I really enjoyed the BBC’s mini-series adaptation of Hilary Mantel’s Wolf Hall last year, one of the most enjoyable aspects being Debbie Wiseman’s score. At the time – the soundtrack wasn’t available until after the final episode screened – it sounded as if Wiseman had created a Tudor soundscape using instruments of the period. Listening to the score in its entirety (Wiseman conducting the Locrian Ensemble of London), you realise that Wiseman certainly pays homage to the Tudor period (The Scholar in particular, with its harpsichord and vielle violin) but that overall the score is a modern piece that is rooted in, but not shackled by, history, musical or otherwise. It’s a mixture of melancholy (Still I Love Him), bittersweet (Anna Regina) and prophetically doom-laden (Master of Phantoms) pieces, with Prophecies and Dreams one of the stand-out tracks as a hauntingly tender piece:
  Underpinning it all are the insistent, sinuous strings of the first track, Wolf Hall (the theme is most fully reprised in the final offering, the mischievously titled Entirely Beloved), the overall effect beautifully evoking the arch-Machiavellian Thomas Cromwell and his relentless scheming.
  Ed O’Loughin’s MINDS OF WINTER (riverrun) is easily the most enjoyable novel I’ve read this year in terms of narrative imagination – the story, which is rooted in the disappearance of the Franklin expedition, which was trying to find the Northwest Passage, in 1845. A veritable Russian doll of a narrative structure takes us to South and North Poles and quite a few places in between, it revels in its deliciously old-fashioned approach to storytelling: O’Loughlin has his tongue firmly stuffed into his cheek when he has one character complain to Jack London that the author’s baroque style has passed its sell-by date:
“It’s a new century, you know; that gothic, sort of supernatural thing, is going out of style. Everything is very plain and modern now.”
  Undeterred, O’Loughlin presses on with tales of adventure and derring-do, of spies and outlaws and epic treks to the Poles, of naval voyages that would do Patrick O’Brian proud, all of it detailed in crunchy, evocative prose, such as when the Norwegian explorer Roald Amundsen finds himself poised on the cusp of a life-changing decision:
It was a warm autumn evening in Madeira, the sun gleaming on the harbour and the breeze soft in the trees.

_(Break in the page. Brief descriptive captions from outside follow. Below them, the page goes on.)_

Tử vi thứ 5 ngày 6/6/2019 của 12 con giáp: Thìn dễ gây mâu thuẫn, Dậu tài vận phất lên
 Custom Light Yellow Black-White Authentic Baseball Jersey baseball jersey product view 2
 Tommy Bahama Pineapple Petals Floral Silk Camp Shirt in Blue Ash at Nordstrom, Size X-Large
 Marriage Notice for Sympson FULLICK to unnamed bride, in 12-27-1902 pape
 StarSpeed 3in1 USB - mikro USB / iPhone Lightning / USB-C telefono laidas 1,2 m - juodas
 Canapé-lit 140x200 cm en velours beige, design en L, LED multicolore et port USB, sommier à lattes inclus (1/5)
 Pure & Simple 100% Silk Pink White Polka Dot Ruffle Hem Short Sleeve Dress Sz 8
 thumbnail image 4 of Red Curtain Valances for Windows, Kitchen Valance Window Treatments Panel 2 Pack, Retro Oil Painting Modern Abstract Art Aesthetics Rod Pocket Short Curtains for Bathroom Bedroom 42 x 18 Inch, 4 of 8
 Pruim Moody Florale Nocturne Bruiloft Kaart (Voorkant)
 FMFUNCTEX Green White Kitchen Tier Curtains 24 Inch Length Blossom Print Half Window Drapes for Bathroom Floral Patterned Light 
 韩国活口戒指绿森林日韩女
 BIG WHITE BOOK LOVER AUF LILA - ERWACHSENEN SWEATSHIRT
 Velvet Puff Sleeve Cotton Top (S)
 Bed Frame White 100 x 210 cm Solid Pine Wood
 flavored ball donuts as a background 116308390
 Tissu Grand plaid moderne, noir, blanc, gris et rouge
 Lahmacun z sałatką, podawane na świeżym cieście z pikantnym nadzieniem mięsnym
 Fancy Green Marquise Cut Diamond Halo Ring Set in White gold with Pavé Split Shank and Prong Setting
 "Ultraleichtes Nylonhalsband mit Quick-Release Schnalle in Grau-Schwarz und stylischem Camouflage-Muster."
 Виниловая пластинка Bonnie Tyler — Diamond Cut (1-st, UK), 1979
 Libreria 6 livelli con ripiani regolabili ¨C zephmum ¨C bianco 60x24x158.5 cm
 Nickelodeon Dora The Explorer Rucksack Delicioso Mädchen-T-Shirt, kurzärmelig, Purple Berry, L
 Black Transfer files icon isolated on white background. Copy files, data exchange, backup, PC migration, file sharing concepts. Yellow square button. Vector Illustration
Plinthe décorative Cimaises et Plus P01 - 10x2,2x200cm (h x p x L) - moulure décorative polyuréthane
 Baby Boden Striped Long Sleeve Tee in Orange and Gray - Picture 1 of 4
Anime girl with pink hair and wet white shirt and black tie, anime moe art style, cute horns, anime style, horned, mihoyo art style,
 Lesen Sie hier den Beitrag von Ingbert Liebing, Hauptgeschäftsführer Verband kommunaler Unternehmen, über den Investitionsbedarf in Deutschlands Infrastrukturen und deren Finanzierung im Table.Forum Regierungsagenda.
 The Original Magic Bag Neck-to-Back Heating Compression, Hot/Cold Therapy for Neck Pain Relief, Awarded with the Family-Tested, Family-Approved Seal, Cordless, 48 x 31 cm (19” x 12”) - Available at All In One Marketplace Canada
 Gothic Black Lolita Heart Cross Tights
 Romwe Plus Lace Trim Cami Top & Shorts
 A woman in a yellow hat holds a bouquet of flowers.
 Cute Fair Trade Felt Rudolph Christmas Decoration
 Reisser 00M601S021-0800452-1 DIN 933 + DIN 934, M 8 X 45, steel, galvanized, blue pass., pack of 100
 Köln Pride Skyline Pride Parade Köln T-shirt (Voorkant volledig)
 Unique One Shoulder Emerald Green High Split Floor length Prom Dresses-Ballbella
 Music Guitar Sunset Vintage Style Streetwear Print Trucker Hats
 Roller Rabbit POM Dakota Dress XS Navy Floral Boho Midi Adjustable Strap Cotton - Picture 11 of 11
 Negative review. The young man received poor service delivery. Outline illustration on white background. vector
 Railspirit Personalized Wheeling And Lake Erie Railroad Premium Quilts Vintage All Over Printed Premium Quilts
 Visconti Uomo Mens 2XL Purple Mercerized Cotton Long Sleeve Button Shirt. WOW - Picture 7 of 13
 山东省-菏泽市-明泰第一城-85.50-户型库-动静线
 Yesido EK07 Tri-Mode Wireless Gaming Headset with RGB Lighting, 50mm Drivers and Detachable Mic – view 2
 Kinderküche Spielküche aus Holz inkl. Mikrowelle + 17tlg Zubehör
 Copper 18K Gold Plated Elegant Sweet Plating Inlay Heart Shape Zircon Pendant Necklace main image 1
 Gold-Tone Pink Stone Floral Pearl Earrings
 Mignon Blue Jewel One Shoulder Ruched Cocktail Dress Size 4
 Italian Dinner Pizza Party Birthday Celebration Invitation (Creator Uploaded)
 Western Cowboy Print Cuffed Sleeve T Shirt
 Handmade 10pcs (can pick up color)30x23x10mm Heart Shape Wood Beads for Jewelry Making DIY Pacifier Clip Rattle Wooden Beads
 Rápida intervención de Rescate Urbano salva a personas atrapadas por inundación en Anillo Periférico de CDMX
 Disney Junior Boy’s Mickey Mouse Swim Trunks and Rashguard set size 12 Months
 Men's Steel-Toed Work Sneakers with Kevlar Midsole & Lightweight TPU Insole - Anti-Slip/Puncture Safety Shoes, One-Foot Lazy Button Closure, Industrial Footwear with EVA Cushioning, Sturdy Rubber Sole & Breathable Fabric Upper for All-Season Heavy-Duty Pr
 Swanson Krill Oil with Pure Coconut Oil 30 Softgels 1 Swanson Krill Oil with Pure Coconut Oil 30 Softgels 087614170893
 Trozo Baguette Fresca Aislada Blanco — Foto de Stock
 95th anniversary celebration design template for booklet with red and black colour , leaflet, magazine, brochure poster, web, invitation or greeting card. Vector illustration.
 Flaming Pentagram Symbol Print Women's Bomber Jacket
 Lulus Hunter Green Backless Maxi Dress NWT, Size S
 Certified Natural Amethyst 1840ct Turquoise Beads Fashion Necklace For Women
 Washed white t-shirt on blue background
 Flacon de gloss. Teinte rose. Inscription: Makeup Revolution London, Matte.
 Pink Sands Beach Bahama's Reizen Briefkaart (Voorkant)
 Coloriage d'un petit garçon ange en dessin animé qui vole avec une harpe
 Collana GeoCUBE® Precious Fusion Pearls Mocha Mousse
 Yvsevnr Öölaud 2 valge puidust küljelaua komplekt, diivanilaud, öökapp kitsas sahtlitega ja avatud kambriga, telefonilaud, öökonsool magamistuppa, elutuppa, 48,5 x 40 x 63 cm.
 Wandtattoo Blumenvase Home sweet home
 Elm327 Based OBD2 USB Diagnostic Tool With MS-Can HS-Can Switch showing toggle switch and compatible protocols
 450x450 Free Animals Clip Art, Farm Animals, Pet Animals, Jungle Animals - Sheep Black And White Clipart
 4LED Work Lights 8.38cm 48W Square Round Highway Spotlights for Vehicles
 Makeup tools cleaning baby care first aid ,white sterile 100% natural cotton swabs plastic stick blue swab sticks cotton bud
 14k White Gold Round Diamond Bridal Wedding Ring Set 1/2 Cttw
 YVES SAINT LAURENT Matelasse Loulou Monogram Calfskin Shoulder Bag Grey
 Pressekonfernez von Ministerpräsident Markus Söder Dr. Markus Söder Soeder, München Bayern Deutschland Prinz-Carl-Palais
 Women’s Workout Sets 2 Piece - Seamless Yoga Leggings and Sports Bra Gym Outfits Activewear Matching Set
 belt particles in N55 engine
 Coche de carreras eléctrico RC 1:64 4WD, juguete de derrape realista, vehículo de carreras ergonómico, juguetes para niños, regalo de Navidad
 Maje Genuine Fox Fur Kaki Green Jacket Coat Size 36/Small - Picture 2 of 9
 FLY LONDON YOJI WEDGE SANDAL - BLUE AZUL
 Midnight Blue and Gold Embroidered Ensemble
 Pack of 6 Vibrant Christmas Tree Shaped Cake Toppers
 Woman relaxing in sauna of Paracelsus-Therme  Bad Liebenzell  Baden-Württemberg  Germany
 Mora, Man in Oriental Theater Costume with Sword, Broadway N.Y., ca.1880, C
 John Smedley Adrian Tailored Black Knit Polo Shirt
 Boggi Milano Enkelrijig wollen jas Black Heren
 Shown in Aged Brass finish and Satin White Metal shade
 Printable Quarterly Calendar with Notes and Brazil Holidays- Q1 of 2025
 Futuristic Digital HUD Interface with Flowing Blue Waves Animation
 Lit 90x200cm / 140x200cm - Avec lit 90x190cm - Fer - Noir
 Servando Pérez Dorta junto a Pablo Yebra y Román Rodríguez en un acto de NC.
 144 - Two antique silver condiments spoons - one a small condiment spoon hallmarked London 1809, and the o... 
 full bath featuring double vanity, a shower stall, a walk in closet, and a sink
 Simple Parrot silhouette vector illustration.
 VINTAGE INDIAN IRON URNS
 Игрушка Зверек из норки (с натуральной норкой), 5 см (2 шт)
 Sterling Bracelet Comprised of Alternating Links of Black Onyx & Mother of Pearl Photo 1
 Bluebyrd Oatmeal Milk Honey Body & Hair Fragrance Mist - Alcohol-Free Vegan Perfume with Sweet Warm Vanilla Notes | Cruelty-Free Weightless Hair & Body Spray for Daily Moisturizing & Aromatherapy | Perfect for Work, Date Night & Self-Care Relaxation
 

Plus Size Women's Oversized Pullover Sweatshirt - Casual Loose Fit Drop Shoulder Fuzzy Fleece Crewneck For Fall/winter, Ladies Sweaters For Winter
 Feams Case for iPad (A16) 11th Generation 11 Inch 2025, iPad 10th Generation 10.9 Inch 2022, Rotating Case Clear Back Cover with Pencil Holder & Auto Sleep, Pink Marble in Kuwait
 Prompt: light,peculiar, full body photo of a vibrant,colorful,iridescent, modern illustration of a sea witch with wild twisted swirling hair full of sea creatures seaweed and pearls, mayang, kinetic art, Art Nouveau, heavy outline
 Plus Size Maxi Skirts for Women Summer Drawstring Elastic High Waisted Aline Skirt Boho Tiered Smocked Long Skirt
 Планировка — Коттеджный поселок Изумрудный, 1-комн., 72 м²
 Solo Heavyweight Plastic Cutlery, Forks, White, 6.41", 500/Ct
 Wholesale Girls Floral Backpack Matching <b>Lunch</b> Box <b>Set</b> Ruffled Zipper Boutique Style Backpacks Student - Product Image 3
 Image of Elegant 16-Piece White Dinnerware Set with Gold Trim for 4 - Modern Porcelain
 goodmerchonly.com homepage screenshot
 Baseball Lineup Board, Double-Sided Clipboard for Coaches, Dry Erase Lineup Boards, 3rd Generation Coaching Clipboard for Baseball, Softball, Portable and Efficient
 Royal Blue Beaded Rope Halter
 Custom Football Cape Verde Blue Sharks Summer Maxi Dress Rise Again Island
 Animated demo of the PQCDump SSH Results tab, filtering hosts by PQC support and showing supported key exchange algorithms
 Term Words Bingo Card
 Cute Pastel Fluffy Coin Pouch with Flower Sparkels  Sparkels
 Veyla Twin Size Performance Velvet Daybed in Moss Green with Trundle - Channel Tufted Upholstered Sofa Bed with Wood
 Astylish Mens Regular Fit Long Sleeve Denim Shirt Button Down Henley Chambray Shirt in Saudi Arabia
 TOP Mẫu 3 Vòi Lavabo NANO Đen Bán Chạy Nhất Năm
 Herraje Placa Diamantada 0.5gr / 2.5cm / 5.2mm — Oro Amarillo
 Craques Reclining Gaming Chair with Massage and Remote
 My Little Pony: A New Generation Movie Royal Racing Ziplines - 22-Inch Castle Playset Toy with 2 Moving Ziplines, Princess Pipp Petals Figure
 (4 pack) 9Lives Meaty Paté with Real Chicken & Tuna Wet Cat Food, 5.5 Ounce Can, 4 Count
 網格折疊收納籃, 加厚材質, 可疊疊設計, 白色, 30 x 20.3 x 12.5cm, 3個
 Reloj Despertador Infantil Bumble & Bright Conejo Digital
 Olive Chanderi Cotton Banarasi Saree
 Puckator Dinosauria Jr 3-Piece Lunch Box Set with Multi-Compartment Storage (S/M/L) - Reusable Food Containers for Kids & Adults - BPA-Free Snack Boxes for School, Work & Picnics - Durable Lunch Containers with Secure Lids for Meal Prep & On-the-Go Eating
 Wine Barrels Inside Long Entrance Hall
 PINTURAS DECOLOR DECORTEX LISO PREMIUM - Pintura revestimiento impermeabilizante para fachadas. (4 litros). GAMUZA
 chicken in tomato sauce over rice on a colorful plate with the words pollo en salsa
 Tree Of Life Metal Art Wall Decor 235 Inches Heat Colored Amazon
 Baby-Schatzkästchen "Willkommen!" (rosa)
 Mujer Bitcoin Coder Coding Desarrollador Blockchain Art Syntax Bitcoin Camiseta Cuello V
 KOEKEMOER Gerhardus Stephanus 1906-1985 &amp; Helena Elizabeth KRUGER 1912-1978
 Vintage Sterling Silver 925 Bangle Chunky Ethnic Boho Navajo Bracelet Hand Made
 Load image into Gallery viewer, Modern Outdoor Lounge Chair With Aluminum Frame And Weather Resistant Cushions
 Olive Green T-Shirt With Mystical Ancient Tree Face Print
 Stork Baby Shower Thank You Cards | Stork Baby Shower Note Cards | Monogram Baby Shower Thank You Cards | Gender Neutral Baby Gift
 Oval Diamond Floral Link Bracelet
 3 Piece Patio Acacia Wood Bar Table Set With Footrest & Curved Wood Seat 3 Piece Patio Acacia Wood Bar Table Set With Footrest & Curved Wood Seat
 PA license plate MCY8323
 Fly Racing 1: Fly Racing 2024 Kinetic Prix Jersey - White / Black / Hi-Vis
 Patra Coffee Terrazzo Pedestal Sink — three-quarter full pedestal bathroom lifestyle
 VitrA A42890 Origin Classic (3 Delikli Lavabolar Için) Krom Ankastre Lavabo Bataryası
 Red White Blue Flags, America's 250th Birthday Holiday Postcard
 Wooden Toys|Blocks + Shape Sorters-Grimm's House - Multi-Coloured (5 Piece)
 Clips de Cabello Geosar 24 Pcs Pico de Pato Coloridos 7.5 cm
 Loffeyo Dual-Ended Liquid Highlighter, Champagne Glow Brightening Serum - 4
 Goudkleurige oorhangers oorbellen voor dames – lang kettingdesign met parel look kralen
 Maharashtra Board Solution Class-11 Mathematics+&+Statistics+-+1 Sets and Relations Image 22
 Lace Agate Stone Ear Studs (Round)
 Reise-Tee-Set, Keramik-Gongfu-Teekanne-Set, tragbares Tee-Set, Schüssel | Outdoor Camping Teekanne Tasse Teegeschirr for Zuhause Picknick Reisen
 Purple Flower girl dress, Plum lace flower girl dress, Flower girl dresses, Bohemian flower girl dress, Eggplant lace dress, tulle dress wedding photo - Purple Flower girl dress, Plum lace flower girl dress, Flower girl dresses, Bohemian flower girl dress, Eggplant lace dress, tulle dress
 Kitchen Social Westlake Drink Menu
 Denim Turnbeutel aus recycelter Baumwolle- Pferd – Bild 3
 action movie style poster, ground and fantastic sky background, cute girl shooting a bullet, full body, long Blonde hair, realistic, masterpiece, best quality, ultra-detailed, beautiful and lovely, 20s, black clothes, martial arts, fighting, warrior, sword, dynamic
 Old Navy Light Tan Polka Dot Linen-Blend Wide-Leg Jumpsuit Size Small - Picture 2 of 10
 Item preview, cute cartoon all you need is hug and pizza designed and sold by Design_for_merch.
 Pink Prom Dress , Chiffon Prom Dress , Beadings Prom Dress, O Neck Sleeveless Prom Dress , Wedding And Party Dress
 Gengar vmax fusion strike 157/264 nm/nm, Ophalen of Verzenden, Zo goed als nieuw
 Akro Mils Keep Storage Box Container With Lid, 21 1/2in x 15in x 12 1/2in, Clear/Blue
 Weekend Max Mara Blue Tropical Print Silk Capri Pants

He could stay here forever, dissolved in this air. But some tiny flaw in the fabric of the universe, some original sin in space and time, determined that he was doomed to exist, to be one thing or another.
  MINDS OF WINTER will be published on August 25th. If bravura storytelling is your thing, you won’t go far wrong here
  Movies-wise, it’s a dull time of the year, this early-season slump as we wait for the summer to ignite. This week’s most enjoyable film was the latest documentary from Michael Moore – he may be predictable, but he’s always watchable. To wit:
Where to Invade Next (12A) is the latest documentary from Michael Moore, the iconoclastic filmmaker who delights in pointing up America’s failings. The idea behind this film is that Moore himself is a one-man ‘army’, invading various countries – most of them European – in order to steal their best ideas and take them back to the United States to cure its ills. The irascible Moore is in good form here, pretending to be horrified at the very notion of paid vacations and maternity leave, free college education, a 36-hour working week, the decriminalisation of illegal drugs and women taking charge of the political system, all of which makes Europe sound like a veritable utopia (i.e., one many Europeans may not recognise). It’s a Europe viewed through rose-tinted lenses, of course, and Moore does make the point that he is in the business of picking flowers, not weeds, on his travels, but the presenter has an engaging talent for making serious points while employing his trademark blend of chutzpah and black comedy. As always with Moore, the film isn’t so much a balanced documentary as it is a polemic, a gentle broadside on behalf of the liberal agenda. His breezy, irreverent Everyman style isn’t to everyone’s taste, but Moore should be cherished as a unique filmmaker, as provocative as he is entertaining. ****
  The other movies reviewed this week in the Irish Examiner are Melissa McCarthy’s The Boss and Mother’s Day, starring Jennifer Aniston and Julia Roberts.